Küreselleşme zaten kendi içinde büyük yapısal sorunlar taşıyordu. Ülkemizde, küreselleşmeyi, kasaba eşrafı ile gerçekleştirmek gibi bir sorun daha ilave edilince, ülkemizin geldiği yer sorgulanır oldu.
Küreselleşme esas itibariyle, çok uluslu şirketler marifetiyle, ulus devletleri şehir devletlere dönüştürmek için bir uygulama planıydı.
Çok uluslu şirketlerin ulus devlet üzerindeki etkinliği, sermayenin serbest dolaşımı üzerinden yürüyecekti.
Bir anlamda, sermayesi olanlar, sermayesi olmayanlara karşı bir üstünlük daha elde ediyorlardı.
Çok uluslu şirketler, ulus devletler içindeki yerli sermayeli küçük şirketlere karşı egemenlik elde ediyorlardı.

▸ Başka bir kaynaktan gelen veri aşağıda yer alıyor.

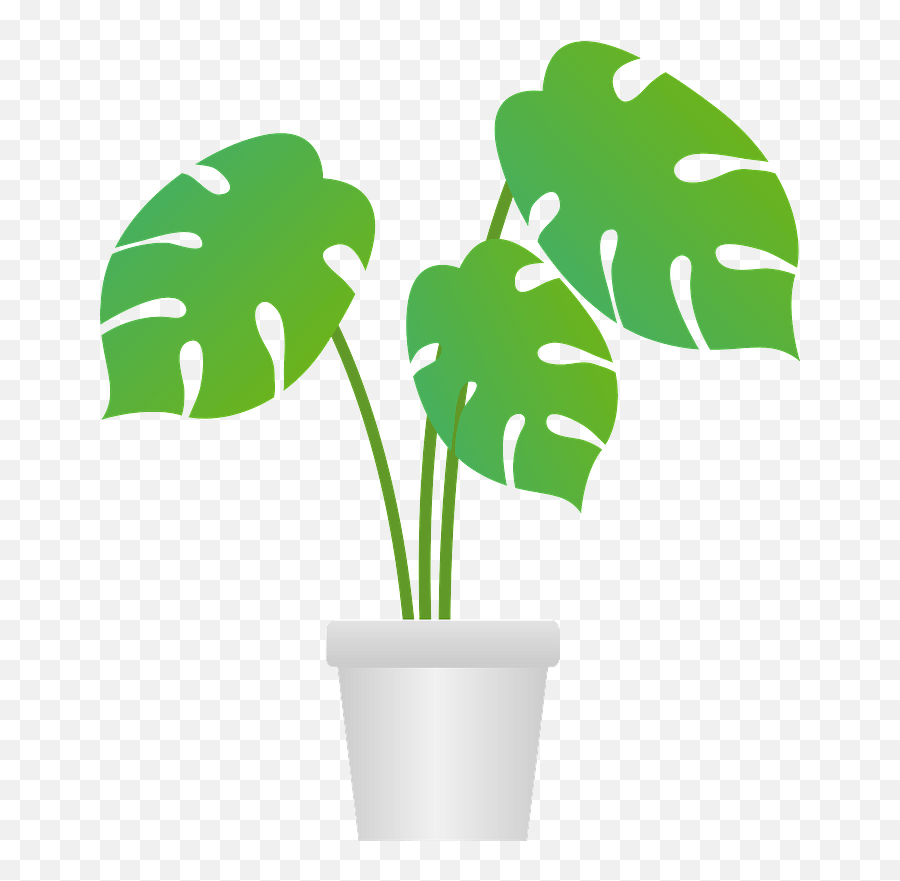 Monstera Houseplant Clipart Free Download Transparent Png - Monstera Clipart,House Plant Png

Yabancı sermayeye tanınan imtiyazlar, içerde henüz üretkenlik ve sermayeleşmeyi yakalayamayan yerli sermayeye işbirlikçilik görevini veriyordu.
Bu işbirlikçi işlevini görecek insan türü henüz imal edilmemiş olmasından dolayı, işbirlikçilik kasaba eşrafı türünden insanlara kaldı.
Kasaba eşrafı, post-kapitalist kültür ve ilişkiler konusunda yetersiz olunca, direksiyon çok uluslu şirketlerin elinde kaldı.
Sermaye işbirlikçi ilişkisi, belli gelenekler ve kurallara oturtulmadığından, ilişkiler hızlıca mevcut ahlak kurallarının dışına çıktı.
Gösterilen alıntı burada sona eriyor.